ACTION ITEM » Find the line with "Imagen de Vnox" in the records below. Copy it and every line after it, up to and including the line with "欧美春季新款厂家直销红色春装蕾丝修身显高连衣长裙".

DATASET CONTENT »
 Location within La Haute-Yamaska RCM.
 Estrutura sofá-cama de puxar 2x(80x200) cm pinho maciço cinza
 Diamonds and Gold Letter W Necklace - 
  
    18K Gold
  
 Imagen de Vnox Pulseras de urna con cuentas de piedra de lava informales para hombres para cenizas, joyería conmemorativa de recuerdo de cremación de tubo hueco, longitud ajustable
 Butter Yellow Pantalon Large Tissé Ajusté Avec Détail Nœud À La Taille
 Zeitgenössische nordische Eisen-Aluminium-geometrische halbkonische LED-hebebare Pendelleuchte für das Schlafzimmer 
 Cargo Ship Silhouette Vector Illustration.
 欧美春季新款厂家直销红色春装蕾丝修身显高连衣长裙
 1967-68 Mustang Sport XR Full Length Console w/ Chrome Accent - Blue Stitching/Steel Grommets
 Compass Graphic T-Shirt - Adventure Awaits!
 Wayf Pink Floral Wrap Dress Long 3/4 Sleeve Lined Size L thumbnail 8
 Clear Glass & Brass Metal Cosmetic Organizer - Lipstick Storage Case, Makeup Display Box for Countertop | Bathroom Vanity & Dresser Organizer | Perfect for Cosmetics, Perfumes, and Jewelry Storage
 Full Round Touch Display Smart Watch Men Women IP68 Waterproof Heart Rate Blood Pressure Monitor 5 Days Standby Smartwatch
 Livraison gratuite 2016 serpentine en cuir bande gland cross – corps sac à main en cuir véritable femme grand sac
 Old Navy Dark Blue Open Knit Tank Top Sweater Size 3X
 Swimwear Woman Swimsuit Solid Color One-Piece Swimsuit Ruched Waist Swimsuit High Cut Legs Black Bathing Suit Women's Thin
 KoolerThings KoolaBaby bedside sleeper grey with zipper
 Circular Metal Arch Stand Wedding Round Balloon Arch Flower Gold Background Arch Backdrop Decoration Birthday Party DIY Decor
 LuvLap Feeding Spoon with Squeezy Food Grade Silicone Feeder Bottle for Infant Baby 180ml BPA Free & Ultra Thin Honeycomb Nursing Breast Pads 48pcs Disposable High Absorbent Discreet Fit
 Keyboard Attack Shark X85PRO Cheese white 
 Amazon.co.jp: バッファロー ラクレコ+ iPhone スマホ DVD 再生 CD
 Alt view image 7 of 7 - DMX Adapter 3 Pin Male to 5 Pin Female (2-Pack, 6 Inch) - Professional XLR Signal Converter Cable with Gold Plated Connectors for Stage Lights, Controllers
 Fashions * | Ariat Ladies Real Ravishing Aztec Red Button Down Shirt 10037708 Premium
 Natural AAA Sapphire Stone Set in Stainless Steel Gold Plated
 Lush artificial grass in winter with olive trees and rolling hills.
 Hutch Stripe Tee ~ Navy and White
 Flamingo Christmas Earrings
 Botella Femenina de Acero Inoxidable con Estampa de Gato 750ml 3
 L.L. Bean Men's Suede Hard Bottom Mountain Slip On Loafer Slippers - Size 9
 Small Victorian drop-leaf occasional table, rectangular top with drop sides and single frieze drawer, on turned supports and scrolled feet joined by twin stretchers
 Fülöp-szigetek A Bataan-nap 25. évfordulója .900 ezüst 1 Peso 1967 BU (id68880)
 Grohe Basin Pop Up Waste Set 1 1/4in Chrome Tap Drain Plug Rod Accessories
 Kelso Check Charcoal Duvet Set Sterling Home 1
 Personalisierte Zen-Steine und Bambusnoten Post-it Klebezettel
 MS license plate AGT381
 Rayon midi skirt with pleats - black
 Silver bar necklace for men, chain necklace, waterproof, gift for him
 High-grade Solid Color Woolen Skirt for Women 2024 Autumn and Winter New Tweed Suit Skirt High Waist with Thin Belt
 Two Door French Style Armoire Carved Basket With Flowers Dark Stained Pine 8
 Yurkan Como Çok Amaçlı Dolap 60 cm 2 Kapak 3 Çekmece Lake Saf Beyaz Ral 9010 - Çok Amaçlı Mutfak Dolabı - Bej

ANSWER FOR THIS EXERCISE »
 Imagen de Vnox Pulseras de urna con cuentas de piedra de lava informales para hombres para cenizas, joyería conmemorativa de recuerdo de cremación de tubo hueco, longitud ajustable
 Butter Yellow Pantalon Large Tissé Ajusté Avec Détail Nœud À La Taille
 Zeitgenössische nordische Eisen-Aluminium-geometrische halbkonische LED-hebebare Pendelleuchte für das Schlafzimmer 
 Cargo Ship Silhouette Vector Illustration.
 欧美春季新款厂家直销红色春装蕾丝修身显高连衣长裙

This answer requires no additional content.